Testimony regarding testing and alternative measures of performance

UFT Testimony

Testimony submitted to the City Council Committee on Education

The United Federation of Teachers wishes to thank Chair Mark Treyger for the opportunity to share our views on testing and alternative measures of performance. On behalf of the 200,000 members of the UFT, we support providing a variety of methods for students to demonstrate mastery of a subject, including tests. Further, we commend your committee for taking the time to review this issue, which affects the future of each student in our classrooms.

As educators, we need to assess where our students are in their knowledge and skills so we can help them to move forward and learn. Testing, including the Regents examinations, is key to that process. It is critical, however, that we keep the stakes of testing reasonable. High stakes testing distorts the learning process by overemphasizing one of its elements.

The UFT has also worked to explore and foster alternative measures for testing student mastery and we support expanding access to alternative assessment methods. There’s an equity problem when not all students are being offered the opportunity to demonstrate mastery in a way that is not a Regents exam.

PROSE — which stands for Progressive Redesign Opportunity Schools for Excellence — is an Education Department-UFT contractual program that offers certain New York City schools the ability to alter some of the most basic parameters by which they function. This includes flexibilities that allow them to support their efforts to assess student performance in ways that are beyond standardized tests.

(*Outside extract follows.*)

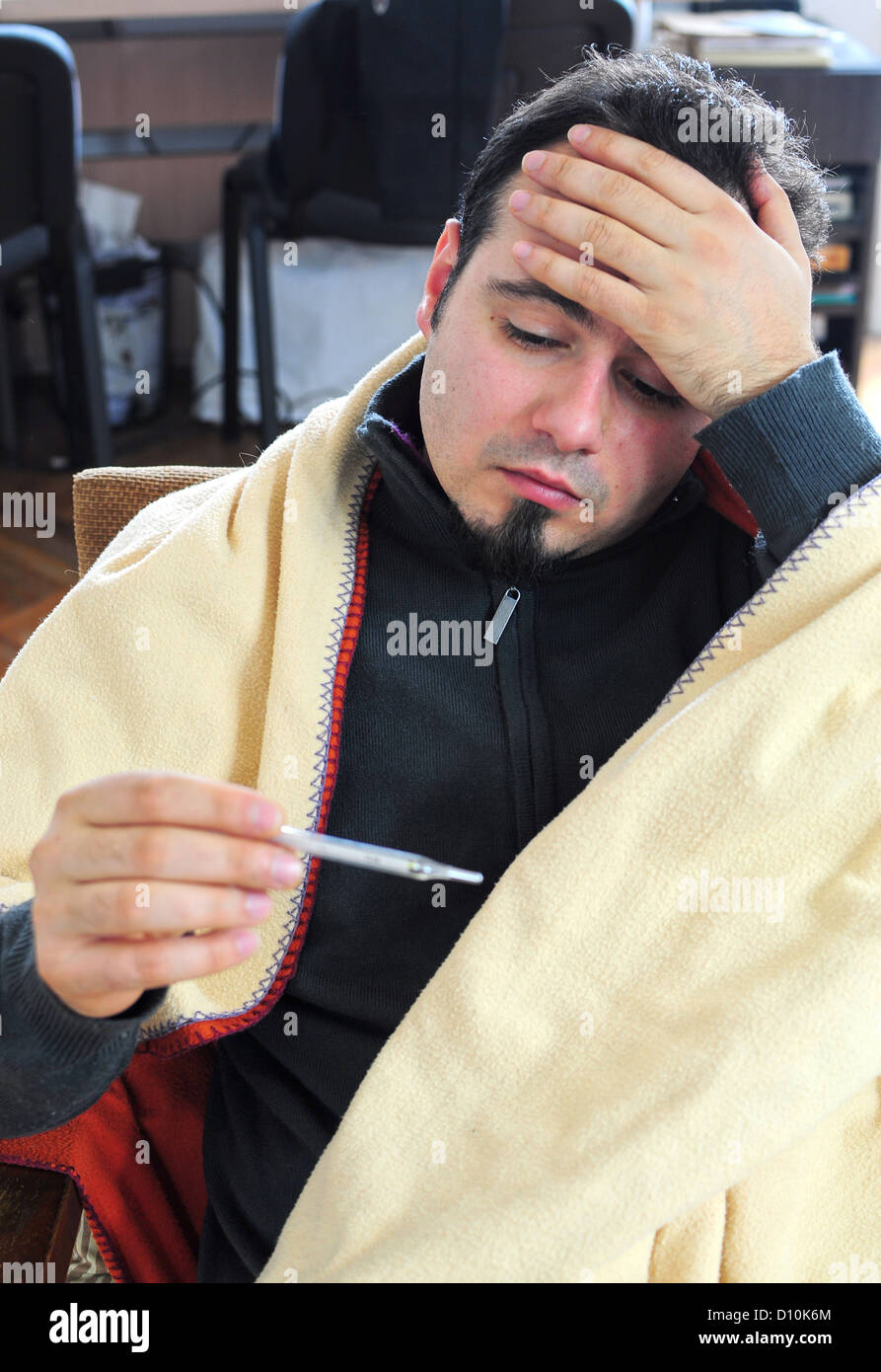 Hombre con gripe comprobando su temperatura Foto de stock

For example, when the PROSE initiative launched, a number of schools from the New York Performance Standards Consortium joined the program. Consortium schools are high schools which have received a waiver from the State Education Department allowing their students to graduate without taking the Regents, with the exception of the English test. Instead, these schools use performance-based assessment tasks. These tasks can include having students make presentations on a given subject before a panel or pursuing project-based learning, which allows students to demonstrate mastery by completing projects on their subjects, much like a doctoral thesis.

The results of the Consortium’s methods are promising. Consortium schools have a lower dropout rate than that of regular New York City public schools, according to the Consortium’s report, “Redefining Assessment.” Four- and six-year graduation rates for all categories of students are higher than for the rest of the city. Graduation rates are roughly 50 percent greater for English language learners and students with disabilities. Eighteen months after students graduate from Consortium high schools, they have an 83 percent college enrollment rate — 24 points higher than the rest of the city. The college enrollment rate for “minority males” is more than double the national average.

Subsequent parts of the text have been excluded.